[Crawled caption data]
·····

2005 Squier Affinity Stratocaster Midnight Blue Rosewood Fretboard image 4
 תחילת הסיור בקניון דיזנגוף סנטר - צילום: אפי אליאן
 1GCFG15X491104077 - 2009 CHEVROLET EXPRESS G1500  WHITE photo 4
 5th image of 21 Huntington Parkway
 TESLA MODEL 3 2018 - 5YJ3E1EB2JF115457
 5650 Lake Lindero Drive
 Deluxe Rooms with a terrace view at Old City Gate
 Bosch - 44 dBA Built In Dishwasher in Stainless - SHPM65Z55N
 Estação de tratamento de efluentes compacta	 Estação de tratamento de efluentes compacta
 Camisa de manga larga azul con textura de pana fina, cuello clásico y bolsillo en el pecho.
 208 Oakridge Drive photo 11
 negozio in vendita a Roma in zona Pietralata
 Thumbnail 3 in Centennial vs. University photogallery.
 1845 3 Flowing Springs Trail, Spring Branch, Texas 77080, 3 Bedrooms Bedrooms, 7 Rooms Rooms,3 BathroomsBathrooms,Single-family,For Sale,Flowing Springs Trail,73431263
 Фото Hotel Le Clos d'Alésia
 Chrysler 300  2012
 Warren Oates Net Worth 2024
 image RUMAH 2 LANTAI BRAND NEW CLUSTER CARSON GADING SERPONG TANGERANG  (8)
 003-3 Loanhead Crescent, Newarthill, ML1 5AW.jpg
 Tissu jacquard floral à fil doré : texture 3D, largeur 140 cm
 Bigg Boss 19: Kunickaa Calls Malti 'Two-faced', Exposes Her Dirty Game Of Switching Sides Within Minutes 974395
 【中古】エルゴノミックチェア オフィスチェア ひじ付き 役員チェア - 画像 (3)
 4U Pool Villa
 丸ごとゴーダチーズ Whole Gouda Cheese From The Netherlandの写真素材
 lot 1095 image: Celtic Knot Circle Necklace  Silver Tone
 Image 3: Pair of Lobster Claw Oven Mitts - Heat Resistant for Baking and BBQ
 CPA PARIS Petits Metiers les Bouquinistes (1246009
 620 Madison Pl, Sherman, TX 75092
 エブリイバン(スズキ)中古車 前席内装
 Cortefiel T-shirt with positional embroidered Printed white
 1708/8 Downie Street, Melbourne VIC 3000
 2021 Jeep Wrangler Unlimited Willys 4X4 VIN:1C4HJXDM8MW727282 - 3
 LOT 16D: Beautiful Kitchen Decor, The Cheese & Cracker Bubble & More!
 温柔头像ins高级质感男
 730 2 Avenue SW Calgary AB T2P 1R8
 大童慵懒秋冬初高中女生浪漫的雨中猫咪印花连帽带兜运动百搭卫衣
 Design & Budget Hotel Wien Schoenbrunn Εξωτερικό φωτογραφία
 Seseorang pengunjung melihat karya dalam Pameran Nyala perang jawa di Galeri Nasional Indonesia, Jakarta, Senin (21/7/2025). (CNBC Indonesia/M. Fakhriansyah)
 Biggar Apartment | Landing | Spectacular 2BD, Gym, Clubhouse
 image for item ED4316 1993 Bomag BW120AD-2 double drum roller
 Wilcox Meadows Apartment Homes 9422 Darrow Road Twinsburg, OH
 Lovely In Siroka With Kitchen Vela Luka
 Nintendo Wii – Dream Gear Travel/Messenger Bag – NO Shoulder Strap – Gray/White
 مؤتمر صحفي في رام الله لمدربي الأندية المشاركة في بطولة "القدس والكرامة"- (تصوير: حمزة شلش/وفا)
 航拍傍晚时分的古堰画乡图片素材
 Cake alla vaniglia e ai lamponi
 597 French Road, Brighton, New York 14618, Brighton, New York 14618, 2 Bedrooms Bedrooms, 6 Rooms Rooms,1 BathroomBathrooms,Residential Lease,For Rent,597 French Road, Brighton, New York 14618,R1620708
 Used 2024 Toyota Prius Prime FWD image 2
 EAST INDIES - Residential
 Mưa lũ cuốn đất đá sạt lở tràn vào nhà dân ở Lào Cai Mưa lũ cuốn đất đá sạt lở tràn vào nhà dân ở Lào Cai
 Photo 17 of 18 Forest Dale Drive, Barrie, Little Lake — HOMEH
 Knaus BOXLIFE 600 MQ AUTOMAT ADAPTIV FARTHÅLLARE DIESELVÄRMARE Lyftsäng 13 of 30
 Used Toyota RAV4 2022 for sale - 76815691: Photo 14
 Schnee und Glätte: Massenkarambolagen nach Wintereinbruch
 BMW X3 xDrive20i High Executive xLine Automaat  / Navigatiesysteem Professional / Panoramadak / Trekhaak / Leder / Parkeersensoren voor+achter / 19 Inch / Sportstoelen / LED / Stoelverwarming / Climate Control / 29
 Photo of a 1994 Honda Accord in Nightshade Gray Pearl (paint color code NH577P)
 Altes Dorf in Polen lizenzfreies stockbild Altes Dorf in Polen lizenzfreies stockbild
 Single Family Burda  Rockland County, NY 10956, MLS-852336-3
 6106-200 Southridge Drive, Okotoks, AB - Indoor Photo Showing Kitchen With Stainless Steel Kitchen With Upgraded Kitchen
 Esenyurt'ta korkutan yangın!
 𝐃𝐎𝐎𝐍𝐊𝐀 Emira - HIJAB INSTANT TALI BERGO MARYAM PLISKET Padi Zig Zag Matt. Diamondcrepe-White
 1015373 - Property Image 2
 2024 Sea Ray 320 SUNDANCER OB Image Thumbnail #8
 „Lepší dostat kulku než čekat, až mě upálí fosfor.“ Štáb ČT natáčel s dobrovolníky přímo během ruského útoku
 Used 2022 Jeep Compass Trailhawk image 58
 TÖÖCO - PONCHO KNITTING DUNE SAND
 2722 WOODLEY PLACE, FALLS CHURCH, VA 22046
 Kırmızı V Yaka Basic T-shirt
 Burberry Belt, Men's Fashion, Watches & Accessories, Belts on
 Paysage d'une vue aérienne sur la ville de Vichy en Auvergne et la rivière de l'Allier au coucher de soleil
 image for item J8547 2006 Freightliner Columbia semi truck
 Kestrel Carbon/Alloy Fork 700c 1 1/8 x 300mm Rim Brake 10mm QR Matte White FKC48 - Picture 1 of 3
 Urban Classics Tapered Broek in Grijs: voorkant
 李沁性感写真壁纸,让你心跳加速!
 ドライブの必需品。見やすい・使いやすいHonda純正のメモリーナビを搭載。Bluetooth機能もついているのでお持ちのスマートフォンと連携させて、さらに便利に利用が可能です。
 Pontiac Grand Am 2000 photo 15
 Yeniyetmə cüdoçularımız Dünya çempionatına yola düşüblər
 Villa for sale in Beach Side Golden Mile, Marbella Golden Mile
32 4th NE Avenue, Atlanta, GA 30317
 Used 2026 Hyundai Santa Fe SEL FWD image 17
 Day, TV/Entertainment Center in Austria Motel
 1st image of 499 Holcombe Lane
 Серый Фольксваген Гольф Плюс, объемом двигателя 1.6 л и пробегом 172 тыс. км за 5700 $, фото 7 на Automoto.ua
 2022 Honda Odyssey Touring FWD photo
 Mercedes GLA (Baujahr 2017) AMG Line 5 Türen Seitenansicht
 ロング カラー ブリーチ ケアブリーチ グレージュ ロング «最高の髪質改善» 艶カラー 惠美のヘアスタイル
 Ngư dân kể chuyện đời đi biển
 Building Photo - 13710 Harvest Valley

·····

## Work request
Out of the data above, give again only the lines starting at the one holding "Wilcox Meadows Apartment" and ending at the one holding "Schnee und Glätte: Massenkarambolagen", unchanged.

## Exercise output
 Wilcox Meadows Apartment Homes 9422 Darrow Road Twinsburg, OH
 Lovely In Siroka With Kitchen Vela Luka
 Nintendo Wii – Dream Gear Travel/Messenger Bag – NO Shoulder Strap – Gray/White
 مؤتمر صحفي في رام الله لمدربي الأندية المشاركة في بطولة "القدس والكرامة"- (تصوير: حمزة شلش/وفا)
 航拍傍晚时分的古堰画乡图片素材
 Cake alla vaniglia e ai lamponi
 597 French Road, Brighton, New York 14618, Brighton, New York 14618, 2 Bedrooms Bedrooms, 6 Rooms Rooms,1 BathroomBathrooms,Residential Lease,For Rent,597 French Road, Brighton, New York 14618,R1620708
 Used 2024 Toyota Prius Prime FWD image 2
 EAST INDIES - Residential
 Mưa lũ cuốn đất đá sạt lở tràn vào nhà dân ở Lào Cai Mưa lũ cuốn đất đá sạt lở tràn vào nhà dân ở Lào Cai
 Photo 17 of 18 Forest Dale Drive, Barrie, Little Lake — HOMEH
 Knaus BOXLIFE 600 MQ AUTOMAT ADAPTIV FARTHÅLLARE DIESELVÄRMARE Lyftsäng 13 of 30
 Used Toyota RAV4 2022 for sale - 76815691: Photo 14
 Schnee und Glätte: Massenkarambolagen nach Wintereinbruch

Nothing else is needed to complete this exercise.